[ASSIGNED TASK]
Select the lines of the records containing the word "Case" and list them.

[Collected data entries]

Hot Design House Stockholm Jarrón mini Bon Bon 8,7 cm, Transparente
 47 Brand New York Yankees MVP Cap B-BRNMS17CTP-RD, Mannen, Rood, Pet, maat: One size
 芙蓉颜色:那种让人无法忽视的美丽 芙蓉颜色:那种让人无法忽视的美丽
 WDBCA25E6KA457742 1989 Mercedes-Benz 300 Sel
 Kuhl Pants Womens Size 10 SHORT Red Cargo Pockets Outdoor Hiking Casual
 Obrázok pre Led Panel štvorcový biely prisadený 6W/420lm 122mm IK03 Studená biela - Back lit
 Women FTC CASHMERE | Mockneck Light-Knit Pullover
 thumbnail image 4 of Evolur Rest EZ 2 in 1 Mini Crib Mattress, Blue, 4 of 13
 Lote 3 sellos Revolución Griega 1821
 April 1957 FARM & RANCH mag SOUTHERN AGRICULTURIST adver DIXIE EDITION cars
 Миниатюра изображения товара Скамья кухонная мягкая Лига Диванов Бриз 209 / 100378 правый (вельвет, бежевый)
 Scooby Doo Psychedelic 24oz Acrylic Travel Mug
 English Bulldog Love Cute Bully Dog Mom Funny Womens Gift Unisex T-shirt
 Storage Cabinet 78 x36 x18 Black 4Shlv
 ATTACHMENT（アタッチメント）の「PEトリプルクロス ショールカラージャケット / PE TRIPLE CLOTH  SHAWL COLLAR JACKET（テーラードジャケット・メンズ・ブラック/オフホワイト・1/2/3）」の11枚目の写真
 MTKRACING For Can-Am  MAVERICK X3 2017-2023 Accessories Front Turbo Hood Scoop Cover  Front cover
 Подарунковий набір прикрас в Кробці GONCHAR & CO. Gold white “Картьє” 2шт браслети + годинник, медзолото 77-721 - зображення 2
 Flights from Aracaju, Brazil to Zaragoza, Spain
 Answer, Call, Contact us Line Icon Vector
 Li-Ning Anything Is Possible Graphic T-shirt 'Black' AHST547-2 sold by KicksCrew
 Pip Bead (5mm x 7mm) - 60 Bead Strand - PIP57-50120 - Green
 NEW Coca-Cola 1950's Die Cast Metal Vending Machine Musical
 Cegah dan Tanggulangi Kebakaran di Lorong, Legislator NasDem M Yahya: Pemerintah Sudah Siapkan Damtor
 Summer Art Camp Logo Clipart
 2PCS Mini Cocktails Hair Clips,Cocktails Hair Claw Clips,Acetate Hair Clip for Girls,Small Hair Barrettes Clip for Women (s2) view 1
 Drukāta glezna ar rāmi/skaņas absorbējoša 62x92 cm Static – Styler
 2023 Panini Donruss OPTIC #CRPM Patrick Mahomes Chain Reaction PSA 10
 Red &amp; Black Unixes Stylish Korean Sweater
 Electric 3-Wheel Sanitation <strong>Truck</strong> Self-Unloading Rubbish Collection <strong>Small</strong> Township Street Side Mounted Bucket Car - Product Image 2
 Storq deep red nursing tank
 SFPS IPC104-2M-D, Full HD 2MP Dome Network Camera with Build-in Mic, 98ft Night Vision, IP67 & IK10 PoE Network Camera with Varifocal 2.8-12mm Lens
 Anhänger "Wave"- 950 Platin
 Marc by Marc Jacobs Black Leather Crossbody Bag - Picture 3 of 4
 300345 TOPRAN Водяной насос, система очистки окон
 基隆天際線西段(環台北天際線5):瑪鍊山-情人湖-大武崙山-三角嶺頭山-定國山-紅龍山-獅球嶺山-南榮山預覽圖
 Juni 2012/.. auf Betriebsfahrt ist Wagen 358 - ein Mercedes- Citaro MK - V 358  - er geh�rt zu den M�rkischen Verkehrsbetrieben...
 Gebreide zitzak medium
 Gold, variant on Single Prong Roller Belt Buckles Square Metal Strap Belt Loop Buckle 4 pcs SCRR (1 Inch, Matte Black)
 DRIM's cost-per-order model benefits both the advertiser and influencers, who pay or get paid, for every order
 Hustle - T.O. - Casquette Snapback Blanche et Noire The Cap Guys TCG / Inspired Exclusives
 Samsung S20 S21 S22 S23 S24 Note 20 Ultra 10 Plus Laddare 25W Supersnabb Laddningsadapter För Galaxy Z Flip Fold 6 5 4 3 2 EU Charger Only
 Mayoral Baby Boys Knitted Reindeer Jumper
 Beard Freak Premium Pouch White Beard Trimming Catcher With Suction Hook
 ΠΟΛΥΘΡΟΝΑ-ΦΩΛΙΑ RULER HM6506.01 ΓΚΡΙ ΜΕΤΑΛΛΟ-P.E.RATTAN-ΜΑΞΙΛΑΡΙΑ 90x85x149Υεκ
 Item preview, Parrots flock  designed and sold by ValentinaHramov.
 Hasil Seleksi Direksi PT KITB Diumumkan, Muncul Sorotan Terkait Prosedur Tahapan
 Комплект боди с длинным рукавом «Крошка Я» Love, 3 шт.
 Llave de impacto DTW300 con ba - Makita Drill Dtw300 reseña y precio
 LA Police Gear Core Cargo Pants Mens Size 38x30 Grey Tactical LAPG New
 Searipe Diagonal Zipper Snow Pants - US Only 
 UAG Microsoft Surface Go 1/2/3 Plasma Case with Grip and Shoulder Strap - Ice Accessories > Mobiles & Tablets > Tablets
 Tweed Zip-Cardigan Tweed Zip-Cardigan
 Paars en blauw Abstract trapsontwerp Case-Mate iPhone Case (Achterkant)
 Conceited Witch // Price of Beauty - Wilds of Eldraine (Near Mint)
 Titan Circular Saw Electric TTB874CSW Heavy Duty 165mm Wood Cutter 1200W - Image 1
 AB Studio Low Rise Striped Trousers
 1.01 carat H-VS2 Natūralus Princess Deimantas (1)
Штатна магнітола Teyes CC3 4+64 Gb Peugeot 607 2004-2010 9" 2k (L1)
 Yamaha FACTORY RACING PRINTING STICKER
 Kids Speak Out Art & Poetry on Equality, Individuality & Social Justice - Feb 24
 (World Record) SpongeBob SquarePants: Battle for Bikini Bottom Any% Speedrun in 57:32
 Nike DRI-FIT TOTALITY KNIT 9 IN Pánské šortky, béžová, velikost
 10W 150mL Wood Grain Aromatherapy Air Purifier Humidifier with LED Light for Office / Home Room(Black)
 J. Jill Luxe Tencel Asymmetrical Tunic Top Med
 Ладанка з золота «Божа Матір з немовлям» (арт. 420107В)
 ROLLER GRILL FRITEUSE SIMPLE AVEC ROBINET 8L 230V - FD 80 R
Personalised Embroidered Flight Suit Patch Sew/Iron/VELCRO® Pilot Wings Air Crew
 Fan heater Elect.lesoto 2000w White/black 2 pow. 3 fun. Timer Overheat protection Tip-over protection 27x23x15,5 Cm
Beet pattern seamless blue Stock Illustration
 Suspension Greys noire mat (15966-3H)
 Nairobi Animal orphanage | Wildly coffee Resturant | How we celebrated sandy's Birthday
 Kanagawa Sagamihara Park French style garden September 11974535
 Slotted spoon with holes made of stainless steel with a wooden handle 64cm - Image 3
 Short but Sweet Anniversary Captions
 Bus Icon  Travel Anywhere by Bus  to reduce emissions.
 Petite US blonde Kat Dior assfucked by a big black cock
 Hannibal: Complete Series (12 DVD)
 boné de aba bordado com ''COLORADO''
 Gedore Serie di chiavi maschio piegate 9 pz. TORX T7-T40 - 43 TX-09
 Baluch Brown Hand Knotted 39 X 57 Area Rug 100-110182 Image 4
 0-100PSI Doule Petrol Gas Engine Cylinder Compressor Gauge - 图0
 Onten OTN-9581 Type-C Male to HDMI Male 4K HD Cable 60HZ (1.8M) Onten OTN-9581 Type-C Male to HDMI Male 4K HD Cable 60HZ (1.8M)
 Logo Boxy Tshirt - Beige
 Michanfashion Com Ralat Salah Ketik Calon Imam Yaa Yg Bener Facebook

[RESPONSE FOR THIS EXERCISE]
 UAG Microsoft Surface Go 1/2/3 Plasma Case with Grip and Shoulder Strap - Ice Accessories > Mobiles & Tablets > Tablets
 Paars en blauw Abstract trapsontwerp Case-Mate iPhone Case (Achterkant)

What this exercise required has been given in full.